Политическое убийство отнюдь не изобретение новейшей истории, с него началась в том числе та самая Первая мировая. Но, вероятно, сейчас мы становимся свидетелями расширения пространства борьбы террора – от исламистского к ультраправому. И это явление, столь ярко символическим образом обозначенное к 50-летию 1968 года в США, Франции, Германии, становится еще одним вызовом. Праворадикальные популисты заседают в парламентах и привлекают уже гораздо больше 10% голосов избирателей, а праворадикальные активисты, выращивая и лелея ненависть, заготавливают оружие.

Психологически это та же самая эволюция, которая произошла с левыми радикалами в конце 1960-х, когда Запад переживал первый серьезный политический и социокультурный кризис послевоенной системы, и с которым в результате справился, сначала дожив до конца истории в 1989-1991-м, а затем начав новую историю и войдя в 2016-м, с избранием Дональда Трампа президентом США, в еще один кризис. Только теперь леворадикальные протесты и атаки сменились праворадикальными, а левые партии и движения замещаются правопопулистскими.

Ульрика Майнхоф начинала как чрезвычайно яркий публицист, ее статьи в журнале Konkret 1967-1968 годов читаются сегодня как пылкий протест против капитализма, его войн, медиа («шпрингеровская пресса») и социальной базы («напуганные бюргеры»). Это было еще совсем не кровавое время, когда ненавидимых политиков забрасывали всего лишь молочными пакетами. Майнхоф возмущалась реакцией на молочную акцию: «Молочные продукты в пакетах сравнивать с бомбами и снарядами… это значит объявить войну детской игрой». Спустя всего лишь год сама Ульрика оставит детские игры в публицистику, как, впрочем, и своих собственных детей и уйдет в красный террор, соединенный с поездками на Ближний Восток и установлением «рабочих» связей с палестинскими террористами. У новой войны окажется женское лицо бывшей марбургской студентки Ульрики Майнхоф или Гудрун Энслин, которая родилась в семье протестантского пастора, получила прекрасное образование и внешне напоминала скорее французскую певицу 1960-х, чем немецкую поджигательницу и террористку.

Нынешние праворадикальные заговорщики и бомбисты имеют куда менее утонченное происхождение и переходят к террору, минуя стадию университетского образования, интеллектуальных поисков и романтических увлечений.
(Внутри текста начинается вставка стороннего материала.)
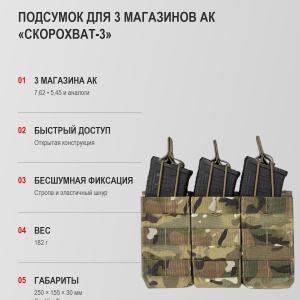 Быстрый подсумок для 3 магазинов АК «Скорохват-3»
Джордж Сорос заменил для сегодняшних радикалов целиком весь «жидо-масонский заговор». А «протест» против активности миллиардера-филантропа, ставший в буквальном смысле массовым в некоторых странах, включая его родную Венгрию, оказался вульгарно антиинтеллектуальным и прямолинейно антисемитским. Даже лично Трамп ухитрился допустить, что Сорос профинансировал караван мигрантов. Когда-нибудь это должно было закончиться не только изгнанием Центрально-Европейского университета, одного из детищ Сороса, из Будапешта (кстати, можно привести длинный список важнейших российских образовательных и культурных институций, обязанных своим возникновением и развитием Соросу, однако едва ли теперь готовых вспоминать об этом), но и бомбой, заложенной в почтовый ящик.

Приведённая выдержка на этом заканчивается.